2 cans organic black black beans, rinsed and drained (or about 3 cups cooked black beans)
1 tablespoon olive oil
½ medium red onion, chopped
½ teaspoon chili powder
½ teaspoon cumin powder
¼ teaspoon cayenne pepper (optional)
1 lime, halved
Salt and pepper, to taste
Avocado Salsa Verde
1 cup mild salsa verde from a jar
1 ripe avocado, pitted and sliced
Big handful cilantro (some stems are ok)
1 medium jalapeño, deseeded and roughly chopped (save ½ of jalapeño for garnish)
1 garlic clove, roughly chopped
½ lime, halved
4+ organic corn tortillas
Small handful cilantro, roughly chopped
4 radishes, sliced into very thin pieces
½ jalapeño, seeds and membranes removed, finely chopped
Cook the beans: Heat a drizzle of olive oil in a medium-sized saucepan (with a lid) over medium heat. Once the oil is warmed, add the onion and sauté for a few minutes, stirring often, until the onions are turning translucent. Add the chili powder, cumin and cayenne and stir. Add the beans and ¼ cup water and stir to combine. Cover the pan, reduce heat, and let the beans simmer for about 10 minutes (if the beans seem dry at any point, add a splash of water). Remove from heat, mash some of the beans with the back of a big spoon and cover the pan until you are ready to serve.

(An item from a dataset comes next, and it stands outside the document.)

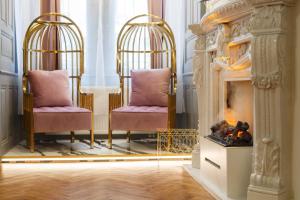 Palace Apartment by Main Station - President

Make the avocado salsa verde: In a food processor, combine the salsa verde, avocado, cilantro, ½ of the jalapeño, garlic clove and the juice of ½ lime. Purée the salsa until it is super creamy, stopping to scrape down the sides as necessary. Transfer the salsa verde to a small saucepan and gently warm it over medium-low heat, stirring often (or transfer the salsa to a bowl and warm it in the microwave). Don't overheat this stuff! Cover the salsa until you're ready to serve.
Cook the eggs: However you prefer them, this recipe calls for fried. Top with a light sprinkle of salt and pepper.
Warm the tortillas: Directly over a medium-low gas burner flame or in a pan, flipping until warmed through.
Assemble the huevos rancheros: On each plate, top tortilla(s) with black beans, avocado sauce and egg(s). Garnish with crumbled feta, cilantro, chopped radishes and jalapeño. Serve with a bottle of hot sauce on the side.